Anti war protest

I just looked at the website for Gunner Palace, an unfinished documentary about US soldiers stationed in Iraq. Mike Tucker, the filmmaker, spent several months with units in Baghdad. He describes the making of the documentary on the website:

The purpose of my visit was to embed myself with a unit for as long as they would have me. Surprisingly, or perhaps not, owing to the fact that I was briefly in the military and come from a military family, I found a unit that embraced my presence. The unit, 2/3 Field Artillery aka the “Gunner” Battalion was based in Uday Hussein’s Azimiya Palace-sitting in the middle of Adhamiya, the most volatile area in Baghdad.


This had become their movie, not mine-each person with their own reference. For the older officers and NCOs it was MASH. They brought aloha shirts for poolside BBQs. For others it was Platoon and Full Metal Jacket. You could see it in the way they rode in their HUMVEES. One foot hanging out the door-helicopters with wheels. For the teenagers, it was Jackass Goes to War. This was a war unlike any other. They had Playstations, souped-up gaming laptops and Internet access-Paris Hilton and Amazon on demand. The emails and the Sat phones helped them stay in touch with family, but all the technology in the world couldn’t bring them home.

There’s a lot of postmodern surrealism there. It’s a powerful read.

And it makes me wonder: games are becoming more and more a part of global, everyday culture – something I occasionally try to document here. But is global, everyday culture becoming more and more part of games? Sure, we’re expanding beyond the hyper-hobbyist obsessions of the past, but is it enough? And are we expanding in enough ways?

There has been a glut of games based on real wars and real conflicts the last couple of years. But have they explored the full range of what can be said about wars? What is the button in Battlefield: Vietnam to watch your best friend die, get hooked on drugs, and then return to a country that hates you? I’m betting it’s not “Q”.

How big is the gap between current squad-based shooters set in contemporary conflict zones, and Gunner Palace?

I’m advocating more variation, exploring more of what can be done in interactive entertainment. I don’t want current war games to be abolished, I want them to be outweighed by other games which say different things about war and conflict. I want interactive to be a vibrant medium which can be used for the full range of artistic expression.

“Saying things about something” does not mean heavy-handed moralising. Again from Mike Tucker:

After seeing this war firsthand, I don’t have any easy answers. In fact, I may have no answers. You try to find good in something like this; you try to find a reason. You try to explain death. I asked soldiers what they thought and their answers were simple. After nearly a year, it wasn’t about Iraq, the Iraqis, democracy, Donald Rumsfeld or oil. It was about them. They just wanted to finish the job they were sent to do so they could go home.

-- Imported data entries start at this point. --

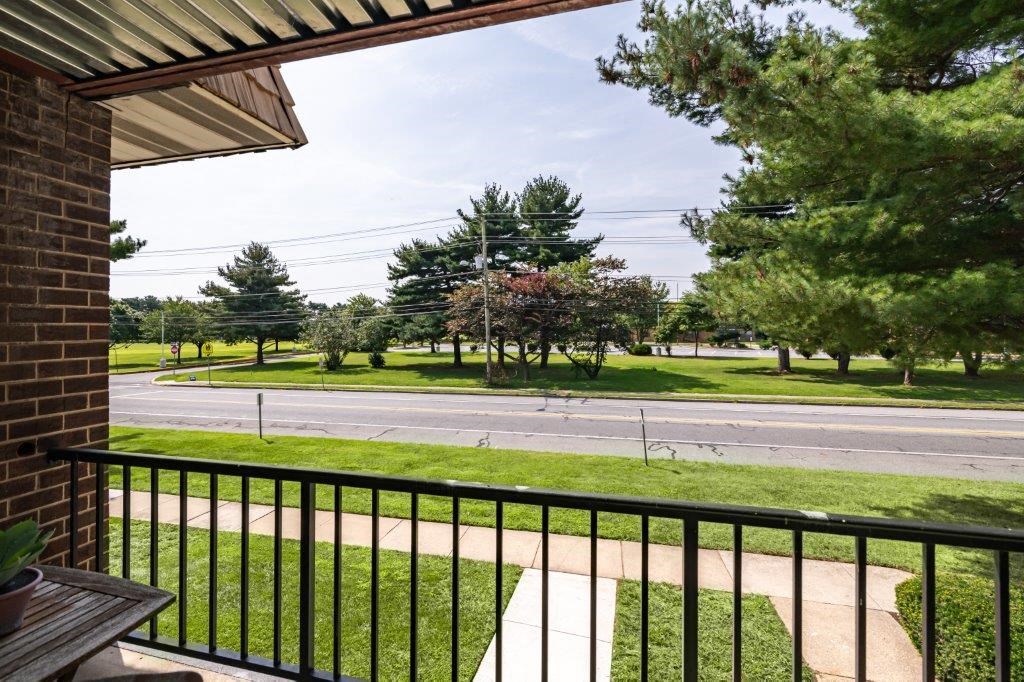 a balcony with a view of a street and trees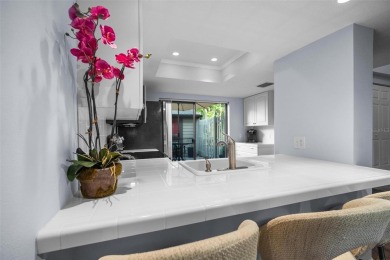 Welcome to this beautifully updated 2 bedroom, 2 and a half bath on East Lake Woodlands Country Club in Florida - for sale on GolfHomes.com, golf home, golf lot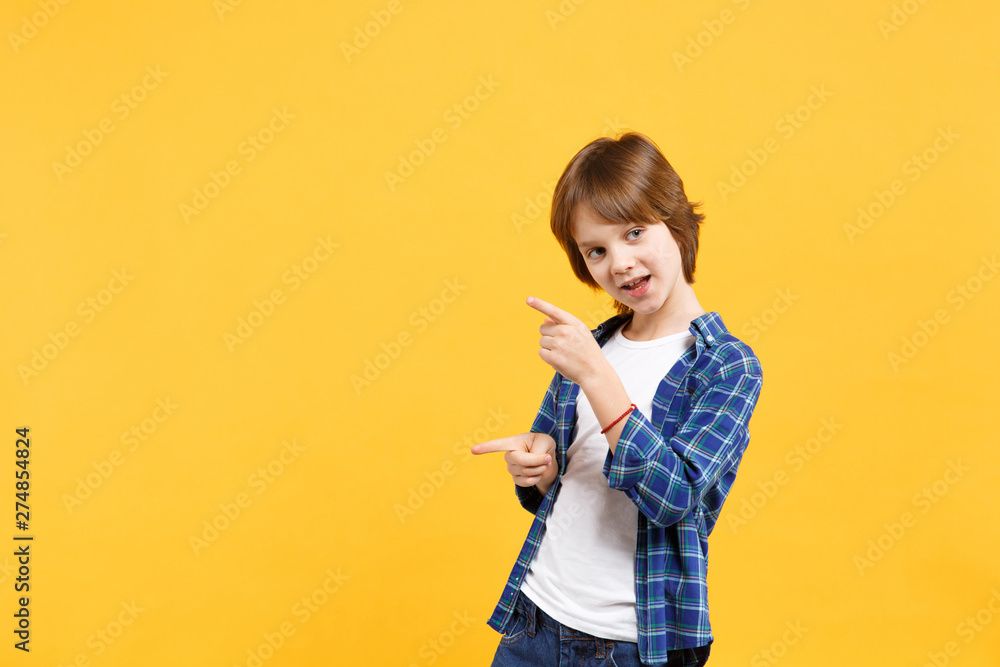 Fun cheerful happy little kid boy in blue shirt white t-shirt posing gesturing hands isolated on yellow wall background children studio portrait. People childhood lifestyle concept. Mock up copy space Fun cheerful happy little kid boy in blue shirt white t-shirt posing gesturing hands isolated on yellow wall background children studio portrait. People childhood lifestyle concept. Mock up copy space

Just because Gunner Palace doesn’t have an easy message to convey doesn’t mean it’s not about something, something relevant even.

Although I can think of many reasons why – generally speaking – we are not doing this in games, I can think of no reason why we couldn’t, or shouldn’t.

Comments 3

  1. JP wrote:

    “Although I can think of many reasons why – generally speaking – we are not doing this in games, I can think of no reason why we couldn’t, or shouldn’t.”

    Duh, PROFIT MOTIVE!

    Sorry, that wasn’t very constructive, I’m just really sick of people in the game industry citing the commercial foundation of the biz as a way of shrugging off any and all ethical (and artistic for that matter) responsibility for the subject matter of their products.

    Seeing commercials for fucking Splinter Cell with an audio track of children reciting the Pledge of Allegiance with the tagline “FREEDOM ISN’T FREE” just makes me sick to my stomach.

    Posted 26 Jun 2004 at 1:12
  2. Jurie Horneman wrote:

    Well, yeah, that’s what I’m saying. I see no reason except for reasons inherent to the industry.

    Posted 26 Jun 2004 at 9:34
  3. Bob Appleyard wrote:

    Remove the definite article, then it would be more precise: reasons inherent to industry.